Today I am feeling both sorrow and joy. I'm feeling sorrow because my partner and I gave back the apartment keys to the housing company from which we rented our first home in Copenhagen. We lived there from the Autumn of 2023 and until June 2024. We always knew that this home was temporary, but I developed connection with it. Our home was a small studio apartment. It was a safe space after I resigned from my academic position in Finland. It was a space where my partner and I were figuring out how to practise minimalism together, how to live together. He proposed to me in that home. I wrote my first editorial for Environmental Values there. I believe that my fellow humans reading the editorial would be able to find the exact spot where this apartment is located on the map. Among other things, in the editorial I described what I saw out of our window. In that apartment my partner and I wrote one of our works together. Today this work is out in Ecological Economics, and for this reason I'm feeling joy. The article is called Deepgrowth: Self-transformation towards harmonious being.

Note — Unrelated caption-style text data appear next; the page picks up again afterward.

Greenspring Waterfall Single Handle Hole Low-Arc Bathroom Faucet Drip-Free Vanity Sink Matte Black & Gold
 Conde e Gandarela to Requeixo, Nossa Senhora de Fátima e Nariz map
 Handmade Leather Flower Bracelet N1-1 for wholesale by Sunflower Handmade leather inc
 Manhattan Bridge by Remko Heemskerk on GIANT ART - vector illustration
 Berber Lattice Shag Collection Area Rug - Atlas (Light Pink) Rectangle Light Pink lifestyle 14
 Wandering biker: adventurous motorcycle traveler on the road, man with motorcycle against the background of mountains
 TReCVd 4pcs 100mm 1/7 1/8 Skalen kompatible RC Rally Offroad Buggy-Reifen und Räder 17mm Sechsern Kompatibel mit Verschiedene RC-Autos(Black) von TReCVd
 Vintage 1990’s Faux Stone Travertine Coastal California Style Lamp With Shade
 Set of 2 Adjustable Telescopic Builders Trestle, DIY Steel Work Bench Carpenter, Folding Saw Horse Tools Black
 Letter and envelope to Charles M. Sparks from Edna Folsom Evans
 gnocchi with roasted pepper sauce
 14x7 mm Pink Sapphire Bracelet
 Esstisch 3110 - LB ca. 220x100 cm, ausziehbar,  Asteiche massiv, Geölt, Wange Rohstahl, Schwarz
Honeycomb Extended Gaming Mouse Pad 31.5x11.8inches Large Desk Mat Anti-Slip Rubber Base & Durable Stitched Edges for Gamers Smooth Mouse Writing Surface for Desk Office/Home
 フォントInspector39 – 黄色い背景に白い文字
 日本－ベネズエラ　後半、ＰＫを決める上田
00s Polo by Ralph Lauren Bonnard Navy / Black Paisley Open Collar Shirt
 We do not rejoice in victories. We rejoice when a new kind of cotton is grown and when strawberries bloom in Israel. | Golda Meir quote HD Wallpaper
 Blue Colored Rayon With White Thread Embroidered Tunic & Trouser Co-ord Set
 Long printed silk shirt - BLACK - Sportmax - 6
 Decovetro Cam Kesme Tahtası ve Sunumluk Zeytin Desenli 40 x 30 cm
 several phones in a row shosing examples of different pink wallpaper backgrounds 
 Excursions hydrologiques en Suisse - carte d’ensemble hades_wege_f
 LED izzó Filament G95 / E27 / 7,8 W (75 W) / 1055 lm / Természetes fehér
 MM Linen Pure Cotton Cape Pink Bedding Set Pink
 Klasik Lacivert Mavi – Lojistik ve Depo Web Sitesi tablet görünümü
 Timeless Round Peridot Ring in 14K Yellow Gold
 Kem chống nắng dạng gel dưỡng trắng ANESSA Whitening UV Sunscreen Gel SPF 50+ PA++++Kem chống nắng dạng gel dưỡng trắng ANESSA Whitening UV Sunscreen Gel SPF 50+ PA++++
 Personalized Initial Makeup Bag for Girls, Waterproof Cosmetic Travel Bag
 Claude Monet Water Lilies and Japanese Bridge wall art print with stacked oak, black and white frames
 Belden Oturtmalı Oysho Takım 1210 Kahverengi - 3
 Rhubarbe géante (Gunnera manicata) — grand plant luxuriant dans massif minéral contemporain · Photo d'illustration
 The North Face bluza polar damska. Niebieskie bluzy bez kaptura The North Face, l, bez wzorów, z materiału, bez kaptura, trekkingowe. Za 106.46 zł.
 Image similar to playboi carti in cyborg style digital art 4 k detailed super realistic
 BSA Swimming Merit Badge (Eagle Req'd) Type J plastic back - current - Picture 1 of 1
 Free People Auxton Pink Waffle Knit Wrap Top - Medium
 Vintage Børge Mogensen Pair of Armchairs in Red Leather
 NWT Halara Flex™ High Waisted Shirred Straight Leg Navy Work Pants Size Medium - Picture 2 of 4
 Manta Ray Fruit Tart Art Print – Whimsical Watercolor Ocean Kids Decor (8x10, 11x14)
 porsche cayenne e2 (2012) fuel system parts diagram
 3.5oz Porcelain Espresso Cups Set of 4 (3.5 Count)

In the article, we say that for genuine sustainability transformations to happen, deep, spiritual growth is necessary. This growth is both empowered and constrained by social structures, and we dive into the nature of those social structures. 

In the picture above is a magical grapevine growing in a garden in Frederiksberg. When I moved to Denmark from Finland, one of the first things I noticed were fig trees and grapevines. Denmark, usually seen as a cold country, felt very warm and southern to me because I met these beautiful plants.